2020-11-05 17:04:23

by Wei Liu

[permalink] [raw]
Subject: [PATCH v2 00/17] Introducing Linux root partition support for Microsoft Hypervisor

Hi all

Here we propose this patch series to make Linux run as the root partition [0]
on Microsoft Hypervisor [1]. There will be a subsequent patch series to provide a
device node (/dev/mshv) such that userspace programs can create and run virtual
machines. We've also ported Cloud Hypervisor [3] over and have been able to
boot a Linux guest with Virtio devices since late July.

Being an RFC sereis, this implements only the absolutely necessary
components to get things running. I will break down this series a bit.

A large portion of this series consists of patches that augment hyperv-tlfs.h.
They should be rather uncontroversial and can be applied right away.

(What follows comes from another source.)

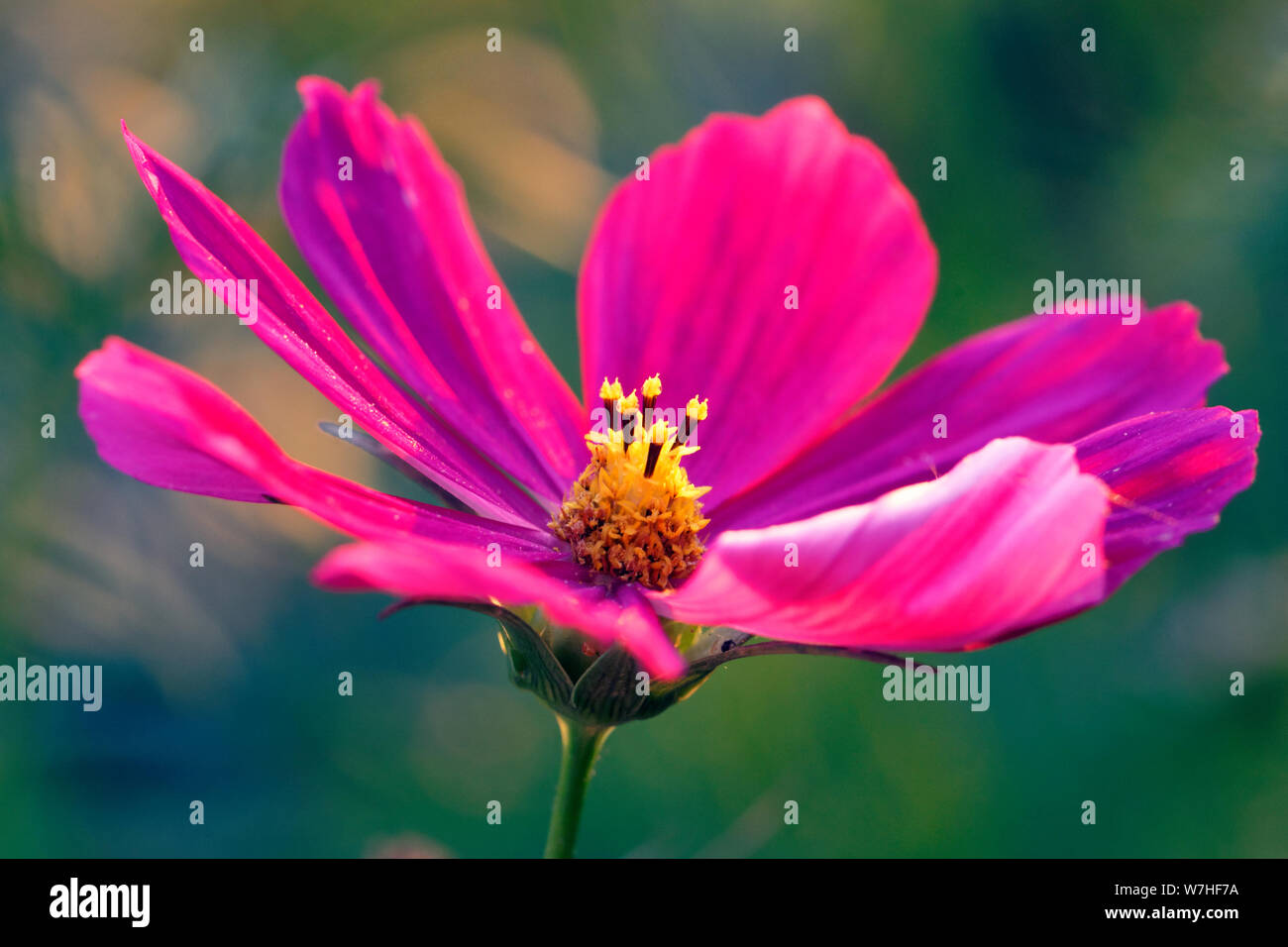 Blume im Garten am sonnigen Sommer oder Frühling. Blume für Postkarte Schönheit Dekoration Stockfoto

A few key things other than the changes to hyperv-tlfs.h:

1. Linux needs to setup existing Hyper-V facilities differently.
2. Linux needs to make a few hypercalls to bring up APs.
3. Interrupts are remapped by IOMMU, which is controlled by the hypervisor.
Linux needs to make hypercalls to map and unmap interrupts. This is
done by introducing a new MSI irqdomain and new irqchips.

This series is now based on 5.10-rc1. And thanks to tglx's overhaul of
the MSI code, our implementation of the MSI irq domain is shorter.

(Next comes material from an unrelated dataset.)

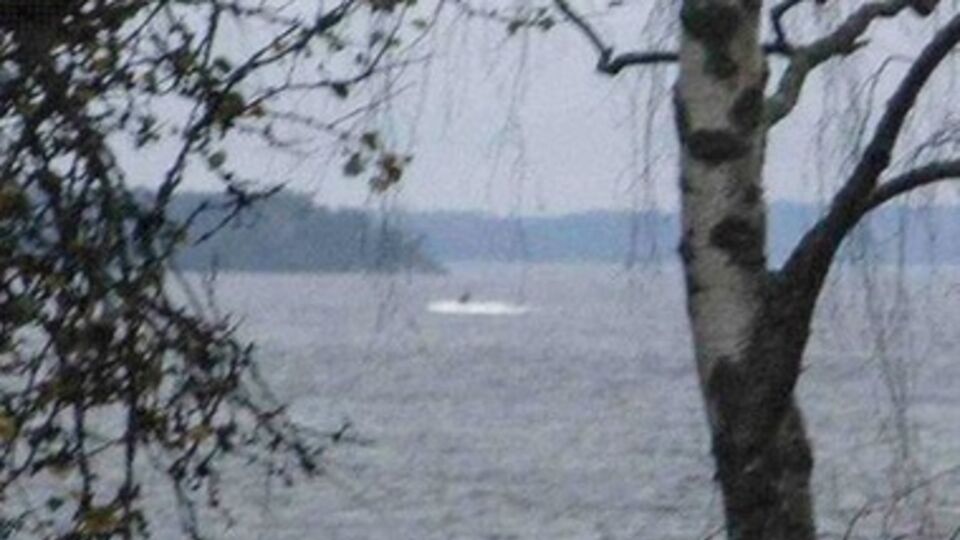 Фото, распространенное минобороны Швеции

Comments and suggestions are welcome.

Thanks,
Wei.

Changes since v1:
1. Simplify MSI IRQ domain implementation.
2. Address Vitaly's comments.

Wei Liu (17):
asm-generic/hyperv: change HV_CPU_POWER_MANAGEMENT to
HV_CPU_MANAGEMENT
x86/hyperv: detect if Linux is the root partition
Drivers: hv: vmbus: skip VMBus initialization if Linux is root
iommu/hyperv: don't setup IRQ remapping when running as root
clocksource/hyperv: use MSR-based access if running as root
x86/hyperv: allocate output arg pages if required
x86/hyperv: extract partition ID from Microsoft Hypervisor if
necessary
x86/hyperv: handling hypercall page setup for root
x86/hyperv: provide a bunch of helper functions
x86/hyperv: implement and use hv_smp_prepare_cpus
asm-generic/hyperv: update hv_msi_entry
asm-generic/hyperv: update hv_interrupt_entry
asm-generic/hyperv: introduce hv_device_id and auxiliary structures
asm-generic/hyperv: import data structures for mapping device
interrupts
x86/hyperv: implement an MSI domain for root partition
x86/ioapic: export a few functions and data structures via io_apic.h
x86/hyperv: handle IO-APIC when running as root

arch/x86/hyperv/Makefile | 2 +-
arch/x86/hyperv/hv_init.c | 118 +++++-
arch/x86/hyperv/hv_proc.c | 217 +++++++++++
arch/x86/hyperv/irqdomain.c | 556 ++++++++++++++++++++++++++++
arch/x86/include/asm/hyperv-tlfs.h | 23 ++
arch/x86/include/asm/io_apic.h | 21 ++
arch/x86/include/asm/mshyperv.h | 13 +-
arch/x86/kernel/apic/io_apic.c | 28 +-
arch/x86/kernel/cpu/mshyperv.c | 43 +++
drivers/clocksource/hyperv_timer.c | 3 +
drivers/hv/vmbus_drv.c | 3 +
drivers/iommu/hyperv-iommu.c | 3 +-
drivers/pci/controller/pci-hyperv.c | 2 +-
include/asm-generic/hyperv-tlfs.h | 254 ++++++++++++-
14 files changed, 1250 insertions(+), 36 deletions(-)
create mode 100644 arch/x86/hyperv/hv_proc.c
create mode 100644 arch/x86/hyperv/irqdomain.c

--
2.20.1


2020-11-05 17:04:45

by Wei Liu

[permalink] [raw]
Subject: [PATCH v2 06/17] x86/hyperv: allocate output arg pages if required

When Linux runs as the root partition, it will need to make hypercalls
which return data from the hypervisor.

Allocate pages for storing results when Linux runs as the root
partition.

Signed-off-by: Lillian Grassin-Drake <[email protected]>
Co-Developed-by: Lillian Grassin-Drake <[email protected]>
Signed-off-by: Wei Liu <[email protected]>
---
v2: Address Vitaly's comments
---
arch/x86/hyperv/hv_init.c | 35 ++++++++++++++++++++++++++++-----
arch/x86/include/asm/mshyperv.h | 1 +
2 files changed, 31 insertions(+), 5 deletions(-)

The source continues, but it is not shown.